Subagent prompt template
Review this change using ONLY the <reuse|quality|efficiency> simplification lens.
Context:
<goal and constraints>
Changed files:
<file list>
Diff:
<diff>
Instructions:
- Apply the thermo-nuclear code-quality baseline first, then your assigned lens.
- Look for concrete simplification opportunities in your assigned lens only.
- Prefer findings that remove code, reuse existing code, reduce state, or reduce repeated work.
- For each finding, include: file/path, exact issue, why it matters, suggested fix.
- Mark likely false positives or trade-offs explicitly.
- Do not implement changes; report findings for the main agent to verify.
Review lenses
Reuse reviewer
For each change:
- Search for existing utilities, helpers, components, constants, or types that could replace newly written code.
- Flag any new function that duplicates existing functionality.
- Flag inline logic that could use an existing utility: string manipulation, path handling, environment checks, type guards, formatting, validation, date handling, and similar patterns.
Quality reviewer
Apply the full thermo-nuclear baseline before local cleanup concerns. Prioritize structural regressions, missed code-judo simplifications, spaghetti branching, boundary/type-contract problems, file-size decomposition issues, and unnecessary abstraction churn.
Look for:
- Redundant state: duplicated state, cached values that could be derived, observers/effects that could be direct calls.
- Parameter sprawl: adding parameters instead of generalizing or restructuring.
- Copy-paste with slight variation: near-duplicate blocks that should be unified.
- Leaky abstractions: exposing internals or breaking existing seams.
- Stringly-typed code: raw strings where constants, enums/string unions, or branded types already exist.
- Unnecessary UI nesting: wrappers that add no layout or semantic value.
- Unnecessary comments: comments explaining WHAT, narrating the task, or referencing the caller. Keep only non-obvious WHY.
Efficiency reviewer
Look for:
- Unnecessary work: redundant computations, repeated file reads, duplicate network/API calls, N+1 patterns.
- Missed concurrency: independent operations run sequentially.
- Hot-path bloat: blocking work added to startup, per-request, per-render, or tight loops.
- Recurring no-op updates: unconditional state/store updates in polling, intervals, event handlers, or reducer/updater wrappers that ignore same-reference no-op returns.

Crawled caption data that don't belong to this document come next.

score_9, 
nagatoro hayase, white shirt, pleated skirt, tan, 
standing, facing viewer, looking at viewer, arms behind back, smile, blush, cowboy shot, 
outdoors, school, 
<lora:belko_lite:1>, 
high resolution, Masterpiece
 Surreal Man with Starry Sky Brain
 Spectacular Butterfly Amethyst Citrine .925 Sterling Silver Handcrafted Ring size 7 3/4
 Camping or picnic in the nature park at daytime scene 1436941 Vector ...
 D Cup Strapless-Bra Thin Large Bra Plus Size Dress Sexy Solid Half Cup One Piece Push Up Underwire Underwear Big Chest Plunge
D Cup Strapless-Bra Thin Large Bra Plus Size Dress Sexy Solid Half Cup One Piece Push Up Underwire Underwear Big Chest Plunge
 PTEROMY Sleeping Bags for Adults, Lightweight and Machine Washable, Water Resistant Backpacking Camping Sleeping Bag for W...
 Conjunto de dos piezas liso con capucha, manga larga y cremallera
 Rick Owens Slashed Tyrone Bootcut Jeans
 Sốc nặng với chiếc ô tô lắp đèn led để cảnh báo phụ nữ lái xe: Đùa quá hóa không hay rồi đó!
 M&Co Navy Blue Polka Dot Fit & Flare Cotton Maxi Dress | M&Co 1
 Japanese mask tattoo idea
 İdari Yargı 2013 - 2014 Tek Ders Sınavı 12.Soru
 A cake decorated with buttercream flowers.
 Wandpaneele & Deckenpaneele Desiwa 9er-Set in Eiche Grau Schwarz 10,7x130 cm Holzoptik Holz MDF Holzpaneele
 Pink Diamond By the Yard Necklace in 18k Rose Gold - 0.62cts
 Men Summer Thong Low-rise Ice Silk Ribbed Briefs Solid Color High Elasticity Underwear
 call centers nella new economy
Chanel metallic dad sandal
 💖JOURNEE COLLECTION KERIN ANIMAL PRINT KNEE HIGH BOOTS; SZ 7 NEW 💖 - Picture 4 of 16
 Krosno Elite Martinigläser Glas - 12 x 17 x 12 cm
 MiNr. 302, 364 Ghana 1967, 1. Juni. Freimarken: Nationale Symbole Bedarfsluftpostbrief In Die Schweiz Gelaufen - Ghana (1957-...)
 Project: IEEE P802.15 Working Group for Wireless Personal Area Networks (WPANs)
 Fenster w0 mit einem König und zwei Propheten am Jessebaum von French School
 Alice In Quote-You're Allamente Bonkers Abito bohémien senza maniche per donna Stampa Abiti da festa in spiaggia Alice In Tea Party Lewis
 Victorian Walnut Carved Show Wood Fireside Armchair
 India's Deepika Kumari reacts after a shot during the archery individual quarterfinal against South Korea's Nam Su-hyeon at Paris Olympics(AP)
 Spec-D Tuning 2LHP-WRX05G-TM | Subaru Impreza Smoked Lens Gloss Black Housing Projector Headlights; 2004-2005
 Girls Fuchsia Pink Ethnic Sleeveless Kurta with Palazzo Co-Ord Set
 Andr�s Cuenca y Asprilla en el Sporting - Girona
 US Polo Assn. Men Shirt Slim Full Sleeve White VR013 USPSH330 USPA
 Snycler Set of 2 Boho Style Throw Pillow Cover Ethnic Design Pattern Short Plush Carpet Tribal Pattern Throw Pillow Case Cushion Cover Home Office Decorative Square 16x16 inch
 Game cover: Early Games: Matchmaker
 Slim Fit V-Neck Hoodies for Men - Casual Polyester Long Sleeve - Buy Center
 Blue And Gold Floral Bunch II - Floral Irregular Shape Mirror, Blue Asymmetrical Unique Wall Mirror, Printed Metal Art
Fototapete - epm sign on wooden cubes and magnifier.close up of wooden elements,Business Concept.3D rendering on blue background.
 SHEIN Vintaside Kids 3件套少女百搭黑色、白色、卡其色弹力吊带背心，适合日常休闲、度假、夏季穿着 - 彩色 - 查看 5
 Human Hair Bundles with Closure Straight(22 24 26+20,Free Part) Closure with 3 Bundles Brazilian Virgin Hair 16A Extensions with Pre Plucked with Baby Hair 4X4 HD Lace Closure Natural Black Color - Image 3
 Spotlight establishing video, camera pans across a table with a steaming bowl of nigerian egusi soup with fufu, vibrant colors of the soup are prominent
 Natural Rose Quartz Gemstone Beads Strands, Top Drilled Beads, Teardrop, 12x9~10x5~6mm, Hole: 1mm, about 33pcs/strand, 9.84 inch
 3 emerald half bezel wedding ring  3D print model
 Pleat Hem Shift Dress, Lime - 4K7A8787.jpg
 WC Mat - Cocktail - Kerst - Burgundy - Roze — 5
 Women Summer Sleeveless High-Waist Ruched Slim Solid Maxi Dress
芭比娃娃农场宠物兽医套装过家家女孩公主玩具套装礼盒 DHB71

- TOCTOU existence checks: pre-checking file/resource existence before operating; operate directly and handle errors.
- Memory/resource leaks: unbounded structures, missing cleanup, listener leaks.
- Overly broad operations: loading all items/files when filtering or reading a small portion would do.
Phase 3: Main-agent verification and fixes
When findings come back:
- Verify each finding against the code. Do not accept subagent output blindly.
- Fix concrete issues directly.
- Skip false positives or changes not worth the trade-off, and note why briefly.
- Run the relevant verification command before claiming completion.
Final response: summarize what simplification issues were fixed, what was intentionally skipped, and what verification ran.